Zeolite facies describes the mineral assemblage resulting from the pressure and temperature conditions of low-grade metamorphism.
The zeolite facies is generally considered to be transitional between diagenetic processes which turn sediments into sedimentary rocks, and prehnite-pumpellyite facies, which is a hallmark of subseafloor alteration of the oceanic crust around mid-ocean ridge spreading centres. The zeolite and prehnite-pumpellyite facies are considered burial metamorphism as the processes of orogenic regional metamorphism are not required.
Zeolite facies is most often experienced by pelitic sediments; rocks rich in aluminium, silica, potassium and sodium, but generally low in iron, magnesium and calcium. Zeolite facies metamorphism usually results in the production of low temperature clay minerals into higher temperature polymorphs such as kaolinite and vermiculite.
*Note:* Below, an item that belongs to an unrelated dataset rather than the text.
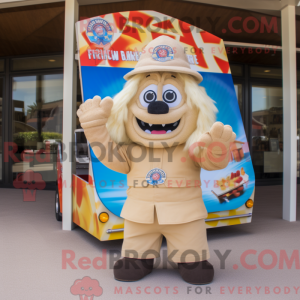Mascot character of a Beige...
Mineral assemblages include kaolinite and montmorillonite with laumontite, wairakite, prehnite, calcite and chlorite. Phengite and adularia occur in potassium rich rocks. Minerals in this series include zeolites, albite, and quartz.
This occurs by dehydration of the clays during compaction, and heating due to blanketing of the sediments by continued deposition of sediments above. Zeolite facies is considered to start with temperatures of approximately 50 - 150 °C and some burial is required, usually 1 - 5 km.
Zeolite facies tends to correlate in clay-rich sediments with the onset of a bedding plane foliation, parallel with the bedding of the rocks, caused by alignment of platy clay minerals in a horizontal orientation which reduces their free energy state.
Generally plutonic and volcanic rocks are not greatly affected by zeolite facies metamorphism, although vesicular basalts and the like will have their vesicles filled with zeolite minerals, forming amygdaloidal texture. Tuff can also become zeolitized, as is seen in the Obispo formation on the California coast.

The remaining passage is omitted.